EXERCISE INSTRUCTIONS — Each line of the material that includes the string "Classic" counts once; report the total and nothing further.

DATA PROVIDED —
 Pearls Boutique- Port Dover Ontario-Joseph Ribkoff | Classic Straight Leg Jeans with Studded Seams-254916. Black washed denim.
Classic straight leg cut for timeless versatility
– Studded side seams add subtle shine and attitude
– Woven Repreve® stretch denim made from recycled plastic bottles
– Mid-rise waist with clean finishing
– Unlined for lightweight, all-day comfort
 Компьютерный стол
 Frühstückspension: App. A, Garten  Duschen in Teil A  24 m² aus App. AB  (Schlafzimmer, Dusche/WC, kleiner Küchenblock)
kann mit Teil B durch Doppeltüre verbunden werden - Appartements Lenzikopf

---

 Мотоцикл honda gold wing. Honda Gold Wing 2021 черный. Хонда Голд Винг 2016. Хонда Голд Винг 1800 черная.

==

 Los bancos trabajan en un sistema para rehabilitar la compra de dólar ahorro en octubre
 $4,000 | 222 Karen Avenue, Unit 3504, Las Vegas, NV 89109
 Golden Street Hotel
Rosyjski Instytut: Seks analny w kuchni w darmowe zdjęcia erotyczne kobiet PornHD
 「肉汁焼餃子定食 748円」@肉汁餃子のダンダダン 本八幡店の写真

TASK ANSWER — 2